Maybe it was just being in the auditorium, surrounded by the pieces of The Crucible, but Jazz couldn’t help being reminded of another of Hale’s bits of dialogue: “Theology, sir, is a fortress; no crack in a fortress may be accounted
small.” He felt the same way about his own sanity. Even the smallest crack, the smallest lapse, could lead to…
Ginny patted his arm. “You let me know if I can help. If you want me to write a letter or something…”
Jazz suppressed a snort of laughter. Write a letter. God bless Ginny Davis and her goofy curls and her millennial hippie-ism.
Connie stayed quiet until they got to Jazz’s car.
“Now what?” she asked, though the expression on her face and the tension he felt in her hand told him that she already knew.
“Ignoring G. William has gotten me this far,” Jazz said. “Let’s see where it takes me next.”
CHAPTER 18
Since his grandmother wasn’t just a senile, dangerous old coot, but also a racist, senile, dangerous old coot, Jazz had to do some advance prep work before Connie could come over to the house. After giving it a lot of thought, he fell back on what Billy had once described to him as a “poor man’s sedative,” to be used only when nothing else was at hand. He ground up some Benadryl in Gramma’s soup and fed her dinner in front of the TV. It took only minutes for her head to droop, then go slack against the threadbare recliner that had been old since before Billy was born. Her spoon clattered into the bowl and she nearly spilled the remaining soup all over herself, but Jazz—who’d been watching—darted in just in time and grabbed the bowl as it slipped from her liver-spotted hands.

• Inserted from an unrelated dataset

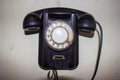 Old black telephone, old fashioned telephone, old black fashioned telephone on white background Royalty Free Stock Photo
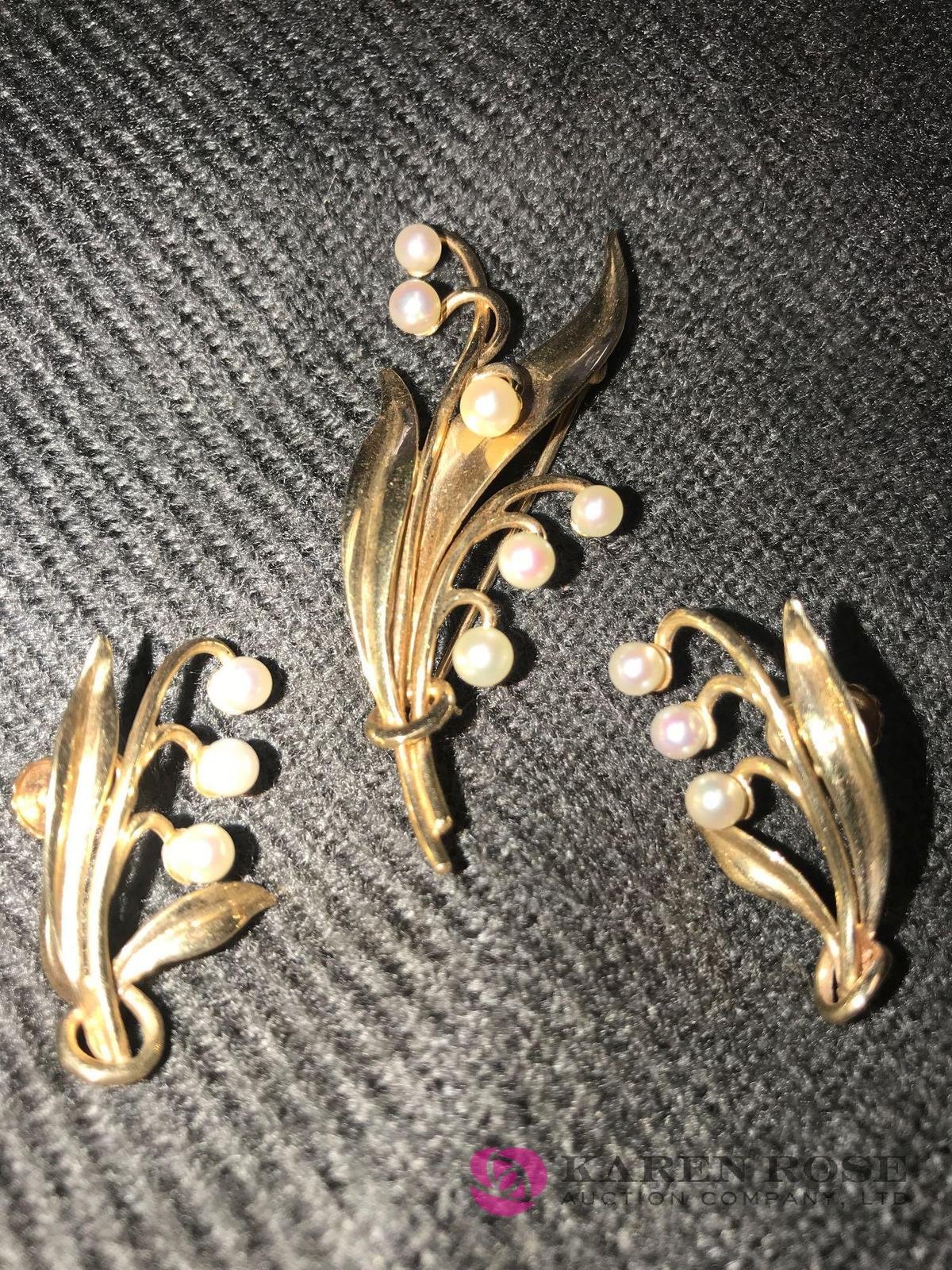 14kt gold pin / earrings pearls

He checked her pulse. She was fine. She would sleep soundly for hours. He easily gathered her in his arms; Gramma was made up of skin and bones and hate and crazy—and hate and crazy don’t weigh anything. He laid her out on the sofa, then called Howie with the all clear.
Within twenty minutes, he was in his bedroom with Howie and Connie, Howie lounging at the desk, Connie sitting cross-legged on the bed, Jazz’s head in her lap.
“It’s morbid,” Connie said for the millionth time, referring to the victims on Jazz’s wall.